Arterioscler Thromb Vasc Biol. 1998 Nov;18(11):1723-9. doi: 10.1161/01.atv.18.11.1723.
Increased hepatic lipase (HL) activity is associated with small, dense, low density lipoprotein (LDL) and low high density lipoprotein2 (HDL2) cholesterol (-C) levels. A polymorphism in the promoter region of the HL gene (LIPC) is associated with HDL-C levels. To test whether this association is mediated by differences in HL activity between different LIPC promoter genotypes, the LIPC promoter polymorphism at position -250 (G-->A), HL activity, LDL buoyancy, and HDL-C levels were studied in white normolipidemic men and men with coronary artery disease (CAD). The less common A allele (frequency=0.21 and 0.25 in normal and CAD subjects, respectively) was associated with lower HL activity (P<0.005 by ANOVA) and buoyant LDL particles (P</=0.01) in both groups. Normal and CAD subjects heterozygous for the A allele had lower HL activity (by 24% and 29%, respectively) and significantly more buoyant LDL particles. Homozygosity for this allele (AA) was associated with an even lower HL activity in normal (-26%) and CAD (-46%) subjects. The A allele was associated with higher HDL2-C in CAD patients (P=0.007); heterozygotes and homozygotes for the A allele had a 92% and a 140% higher HDL2-C level (P<0.01) than did GG individuals. In a small number of normolipidemic subjects, the same trend in HDL2-C was seen. In a univariate analysis, the LIPC genotype accounted for 20% to 32% of the variance in HL levels among normal subjects and CAD patients, respectively. After adjustment for HL, the association between LIPC genotype and LDL buoyancy was no longer significant, suggesting that the effect of LIPC genotype on LDL buoyancy is mediated by its effects on HL activity. The LIPC A allele was more frequent in Japanese-Americans and African-Americans than in whites. In summary, these results suggest that variants in the LIPC promoter may significantly contribute to the variance in levels of HL activity and consequently, to the prevalence of the atherogenic small, dense, LDL particles and low HDL2-C levels.

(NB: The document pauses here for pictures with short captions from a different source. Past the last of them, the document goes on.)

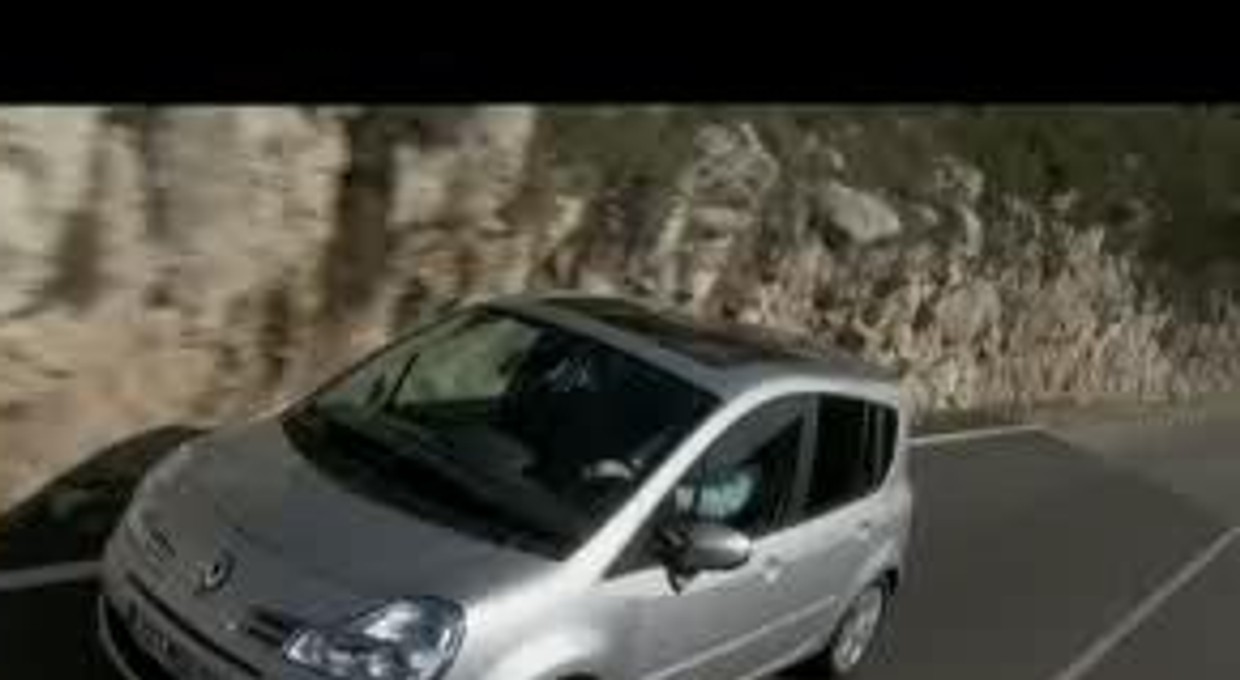 Renault Grand Modus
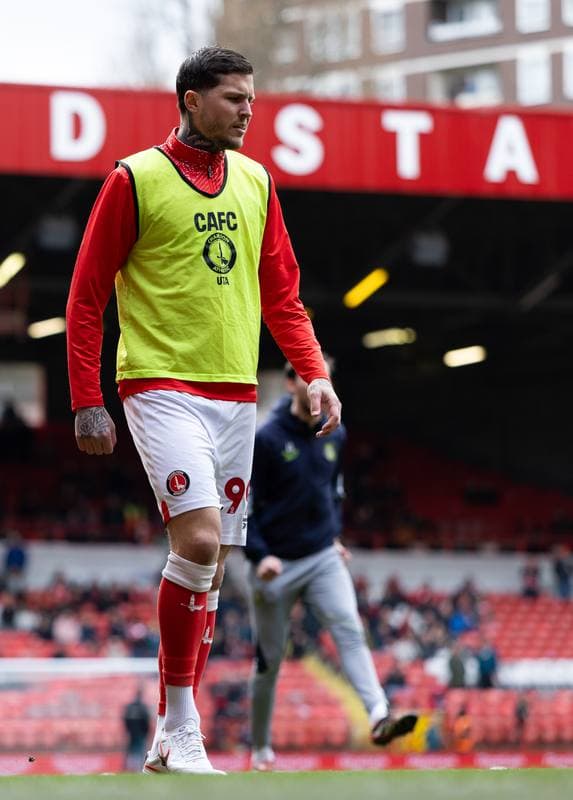 Football. Sky Bet Championship. Charlton Athletic - Wrexham. 28.02.2026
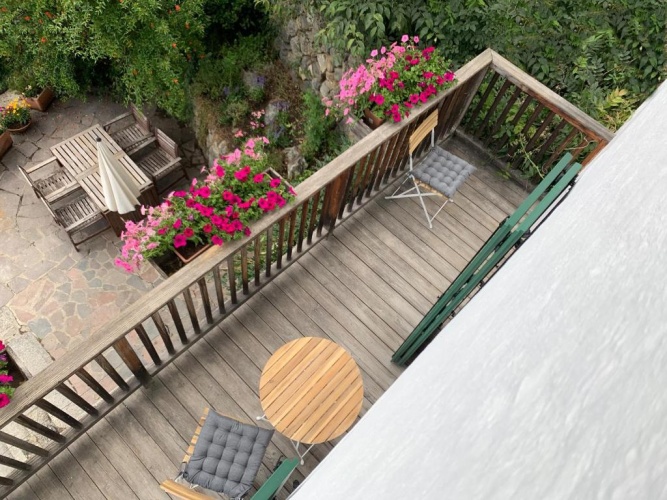2 Bedrooms Apartment with balcony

肝脂酶(HL)活性增加与小而密的低密度脂蛋白(LDL)以及低高密度脂蛋白2(HDL2)胆固醇(-C)水平相关。HL基因(LIPC)启动子区域的多态性与HDL-C水平相关。为了检验这种关联是否由不同LIPC启动子基因型之间HL活性的差异介导,我们在血脂正常的白人男性和患有冠状动脉疾病(CAD)的男性中研究了位于-250位置的LIPC启动子多态性(G→A)、HL活性、LDL浮力和HDL-C水平。较罕见的A等位基因(在正常和CAD受试者中的频率分别为0.21和0.25)与两组中较低的HL活性(方差分析P<0.005)和漂浮的LDL颗粒(P≤0.01)相关。A等位基因杂合的正常和CAD受试者HL活性较低(分别降低24%和29%),且漂浮的LDL颗粒显著更多。该等位基因的纯合子(AA)在正常(-26%)和CAD(-46%)受试者中与更低的HL活性相关。A等位基因与CAD患者中更高的HDL2-C相关(P=0.007);A等位基因的杂合子和纯合子的HDL2-C水平比GG个体分别高92%和140%(P<0.01)。在少数血脂正常的受试者中也观察到了HDL2-C的相同趋势。在单变量分析中,LIPC基因型分别占正常受试者和CAD患者中HL水平变异的20%至32%。在对HL进行校正后,LIPC基因型与LDL浮力之间的关联不再显著,这表明LIPC基因型对LDL浮力的影响是由其对HL活性的影响介导的。LIPC A等位基因在日裔美国人和非裔美国人中比在白人中更常见。总之,这些结果表明,LIPC启动子中的变异可能显著导致HL活性水平的差异,进而导致致动脉粥样硬化的小而密LDL颗粒的流行率和低HDL2-C水平。